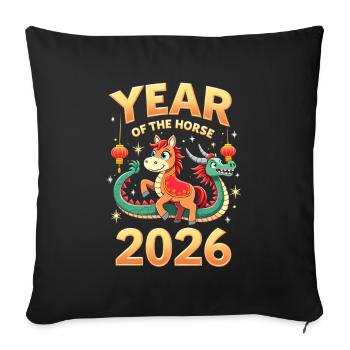Nouvel An chinois du cheval 2026 - Housse de coussin décorative 45 x 45 cm - noir - Devant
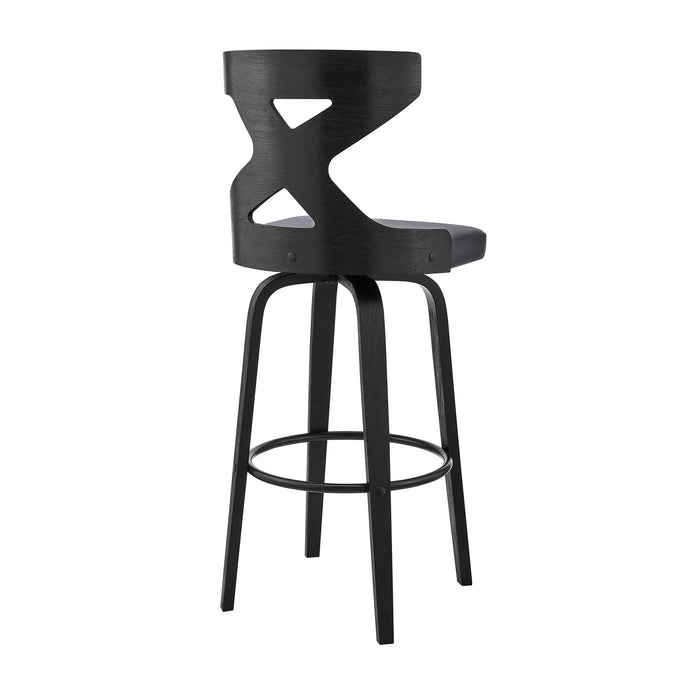 Gayle 26" Swivel Cross Back Gray Faux Leather and Black Wood Bar Stool
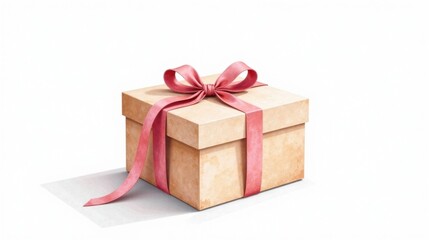Obraz premium A Square Gift Box with a Delicate Pink Ribbon Bow, Ready for a Special Occasion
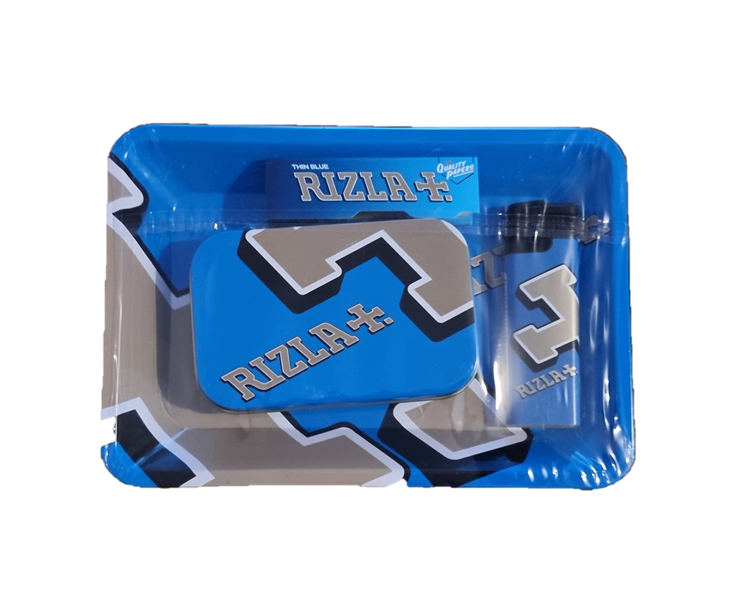 Rizla MINI Metal Rolling Tray Gift Set with Smokers Accessories - Blue Rizla Tray Set RN Vape Shop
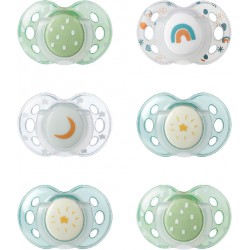 NEW  Tommee Tippee Night Time Glow in the Dark Pacifiers, Symmetrical Design, BPA-Free Silicone, 18-36 months, Pack of 6 Pacifiers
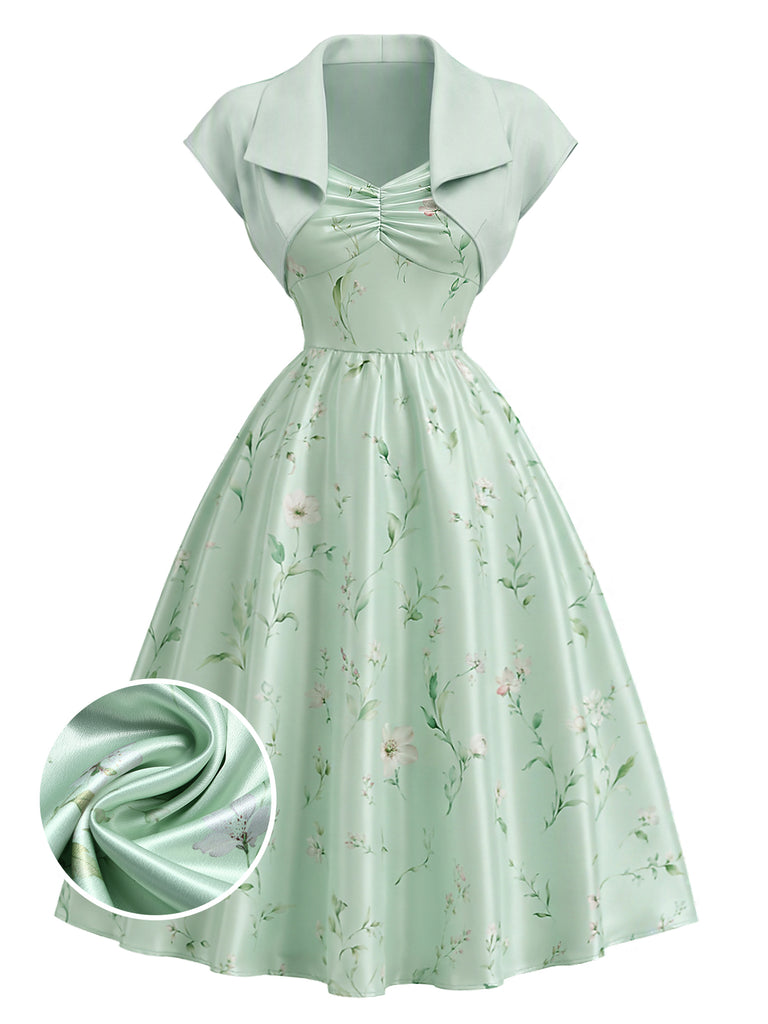 [Pre-Sale] 2PCS 1940s Sweetheart Satin Floral Dress With Bolero Jacket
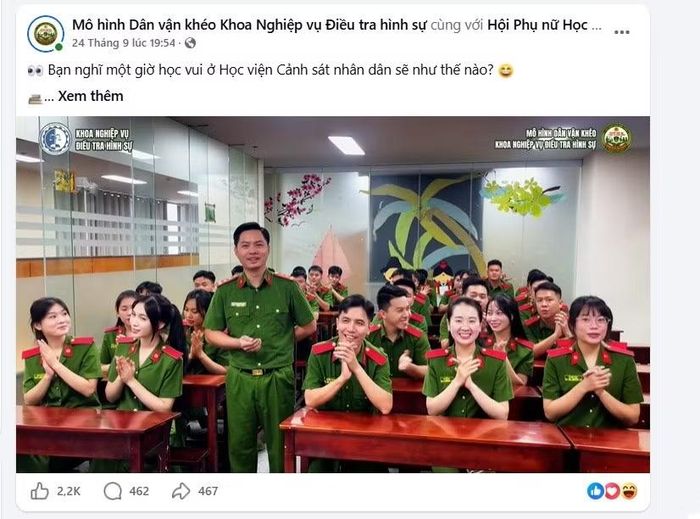 ác thước phim ghi lại không khí học tập sôi nổi, hiện đại của thầy và trò Học viện Cảnh sát nhân dân tạo sức hút lớn đối với giới trẻ trên nền tảng số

....................

## WHAT IS NEEDED
In the entries above, find the line that contains "Rizla MINI Metal", then repeat exactly every line from the first one through that line, with no pictures.

## EXERCISE ANSWER
Nouvel An chinois du cheval 2026 - Housse de coussin décorative 45 x 45 cm - noir - Devant
 Gayle 26" Swivel Cross Back Gray Faux Leather and Black Wood Bar Stool
Obraz premium A Square Gift Box with a Delicate Pink Ribbon Bow, Ready for a Special Occasion
 Rizla MINI Metal Rolling Tray Gift Set with Smokers Accessories - Blue Rizla Tray Set RN Vape Shop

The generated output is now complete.